Daisyshapedbuttons · 11/04/2022 15:46

This might bring mixed comments but it’s hurt me a bit that my best friend of 30 years has told me her upcoming wedding plans and that she isn’t inviting friends.
She’s explained about costs and wanting it private and intimate which I fully respect.
We always spoke about being each other’s maid of honour and our children being bridesmaids for each other. So I’m upset I won’t get to experience it.
I suggested having friends for the evening do but she isn’t having one and the meal is for immediate family. She won’t even let me organise a hen night and said she will want an early night.
Maybe I’m unreasonable to think it wouldn’t hurt to add your oldest friend even if she excluded my partner and dc. So it feels like she is deliberately leaving me out.
I did send her an angry message saying ‘thanks for the invite I can’t wait to see photos’ but I did apologise as I knew it sounded passive aggressive and I don’t want us to fall out. She has left me on read since.
It feels personal against me to exclude me and I worry there will be friends attending but secretly so I don’t know.

OP posts:
springtimeishereagain · 11/04/2022 17:02

I don’t think she is being controlled or isolated I get on great with her fiancé and he’s a lovely man

Then why did you think he might have said you can't come to the wedding?

...when you have no family and can’t leave the house without someone

Your friend's social anxiety is that bad?! It might have been better to mention this rather important fact in your op...

All you can do is apologise, sincerely, wish her all the best, and be there for her.

And yes, get your friend a gift!

BadNomad · 11/04/2022 17:19

@sweetbellyhigh

At this point my burning question is how anyone can be "a complete novice" at wedding gift etiquette at age 45+?

I mean, that's how old you are right? Given that you have been friends for 30 yrs and that friendship does not sue back to childhood.

Is this really the first time that someone in your life is getting married?

I wouldn't have a clue either. Never been to a wedding and all the married people I know were married before I met them. I don't know why it's so surprising to you.
NotVeryOuting · 11/04/2022 17:23

You're Op scenario sounds very different to what you're saying now, this in your opening post made it sound like it's been a shock to learn you aren't maid of honour or that your children wound be her bridesmaids and that you feel she is deliberately leaving you out if the wedding while sneakily inviting other friends.

She’s explained about costs and wanting it private and intimate which I fully respect.

We always spoke about being each other’s maid of honour and our children being bridesmaids for each other.

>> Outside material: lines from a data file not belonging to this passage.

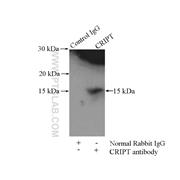 CRIPT Rabbit Polyclonal Antibody (11211-1-AP)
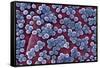 MRSA Bacteria, SEM-CDC-Framed Stretched Canvas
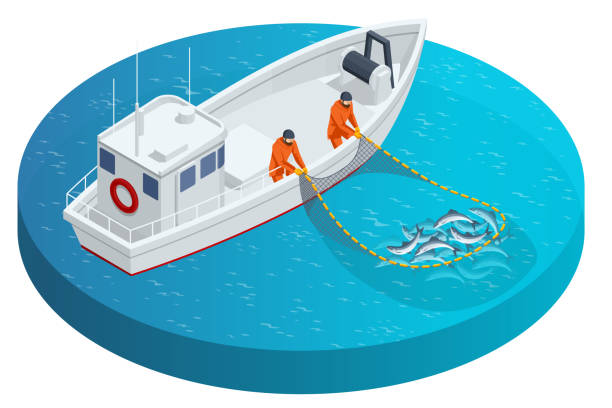 ilustraciones, imágenes clip art, dibujos animados e iconos de stock de goleta de pesca isométrica, barco pesquero o barco. pescadores levantando una red llena de peces. pesca marítima, industria marina de barcos, barco pesquero - fishermen harbor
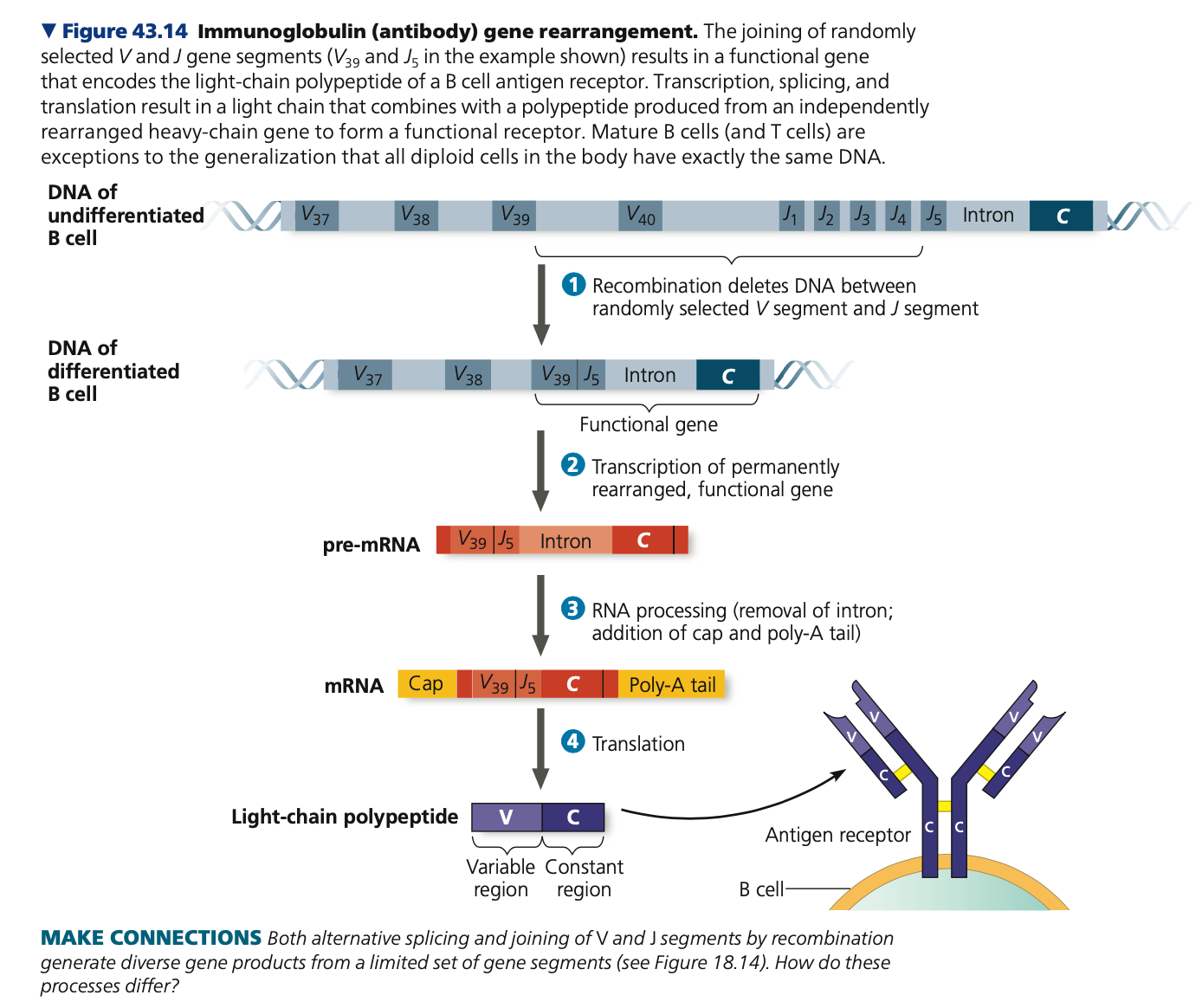 **Antigen receptor gene arrangement**

* Only ___ allele each from the light-chain and heavy-chain are rearranged
  * Rearrangements are permanent and are passed onto daughter cells
* After rearrangement, antigen ______ can be synthesized
  * Rearranged genes are transcribed
  * Transcripts are processed for translation
  * Light chain and heavy chain assemble together to form a receptor
  *  Randomly rearranged heavy and light chains form different antigen-_____ sites
* In the total population of B cells in the body
  * Number of combinations is as high as 3.5 x 10^6
  * _____ in the VJ recombination add more variation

So I’m upset I won’t get to experience it.

But now you seem to be saying to be been part of the planning and organising of the wedding from the start at her request? You say nothing has been about you but your opening post was all about how you feel at not being maid of honour and your kids bridesmaids and how she should let you stand in the sidelines not eating anything. If you were planning and organising her wedding from the start she wouldn't have needed to tell you today she's trying to keep costs low? You'd have known that from the planning and organising the venue. You'd have known before today you aren't maid of honour or your kids bridesmaids when she was looking at dresses. You'd know there's no work colleagues there as part of the working out numbers surely? Your thread sounded like you've found out today she's planning a wedding that won't include you being maid of honour or on the guest lists and you've got mean with her but now you're saying you've been organising and part of the planning, I can't tell if it's a big drip feed or backpedaling now.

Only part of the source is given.